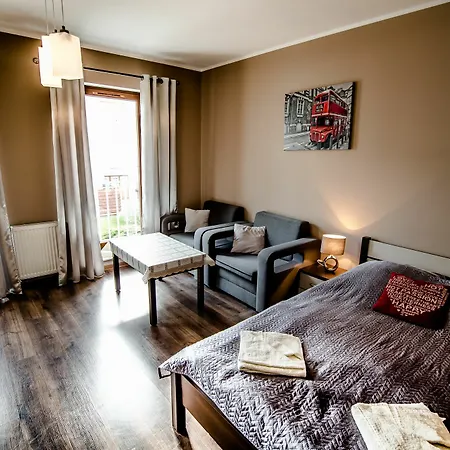 Apartment Baltic - Wega Swinoujscie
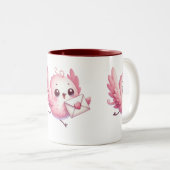 Sweet & Simple Kawaii Charm Mok (Voorkant rechts)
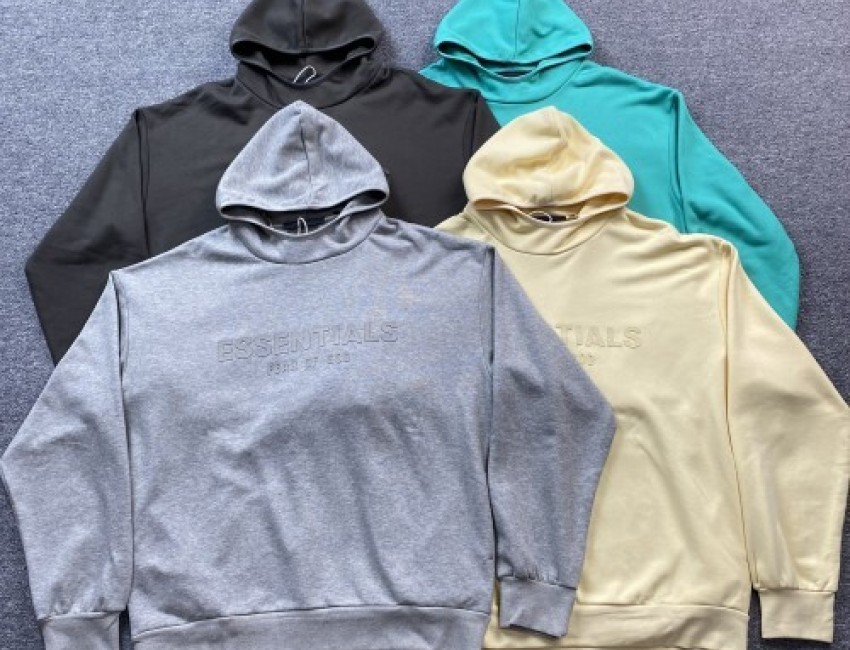 FOG FEAR OF GOD ESSENTIALS Hoodie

⁂

### Exercise description
Pictures are not part of the answer, which must be the exact lines from the one holding "Sweet & Simple" through the end of the material, both ends included.

### Answer area
 Sweet & Simple Kawaii Charm Mok (Voorkant rechts)
 FOG FEAR OF GOD ESSENTIALS Hoodie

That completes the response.